--- START ---

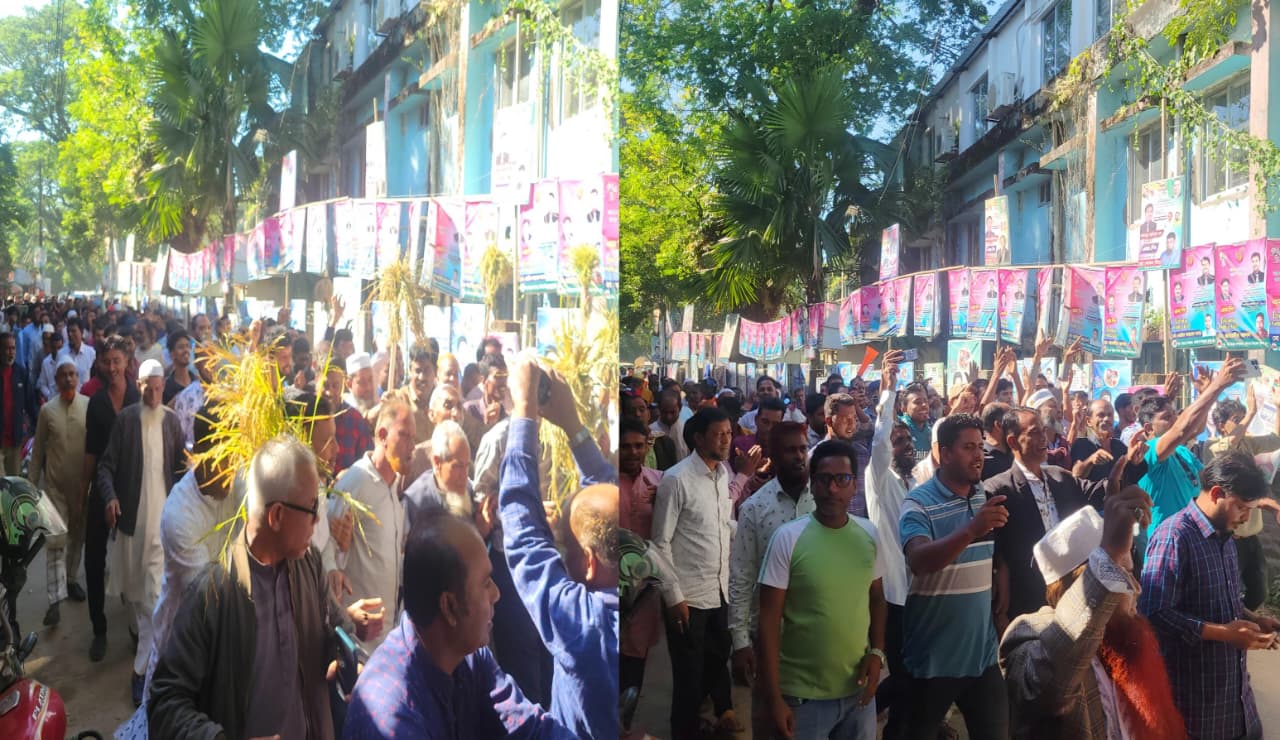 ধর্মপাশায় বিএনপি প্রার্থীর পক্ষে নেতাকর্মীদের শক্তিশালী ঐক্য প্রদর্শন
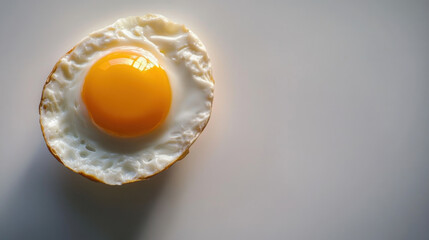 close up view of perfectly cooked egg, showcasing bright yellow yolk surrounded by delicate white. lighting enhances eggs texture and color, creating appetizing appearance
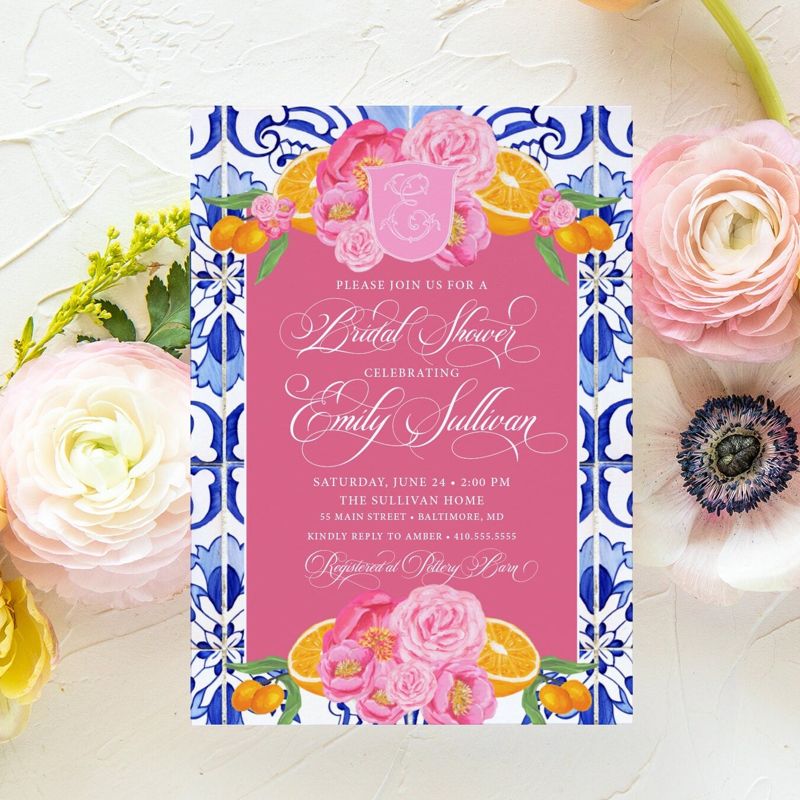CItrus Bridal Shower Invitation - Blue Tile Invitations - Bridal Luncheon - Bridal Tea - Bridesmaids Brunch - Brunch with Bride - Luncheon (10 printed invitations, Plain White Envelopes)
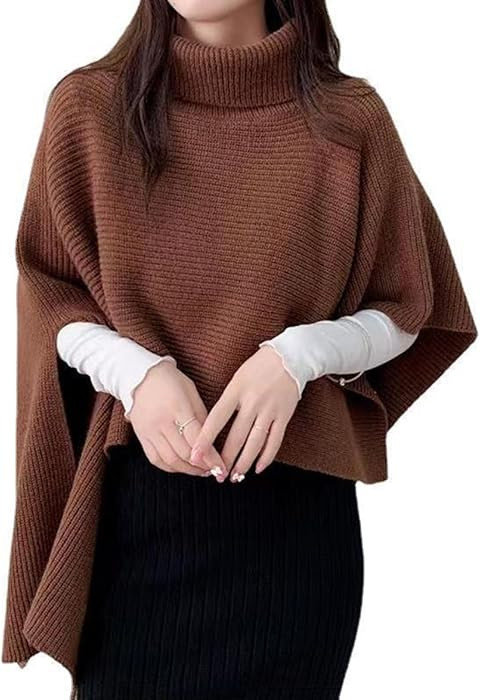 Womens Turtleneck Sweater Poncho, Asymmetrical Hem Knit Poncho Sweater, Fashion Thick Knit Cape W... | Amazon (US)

--- END ---

▶ [Your assignment]: A faithful copy of all the lines above is needed, with the pictures omitted.

▶ [Your response]:
 ধর্মপাশায় বিএনপি প্রার্থীর পক্ষে নেতাকর্মীদের শক্তিশালী ঐক্য প্রদর্শন
 close up view of perfectly cooked egg, showcasing bright yellow yolk surrounded by delicate white. lighting enhances eggs texture and color, creating appetizing appearance
CItrus Bridal Shower Invitation - Blue Tile Invitations - Bridal Luncheon - Bridal Tea - Bridesmaids Brunch - Brunch with Bride - Luncheon (10 printed invitations, Plain White Envelopes)
 Womens Turtleneck Sweater Poncho, Asymmetrical Hem Knit Poncho Sweater, Fashion Thick Knit Cape W... | Amazon (US)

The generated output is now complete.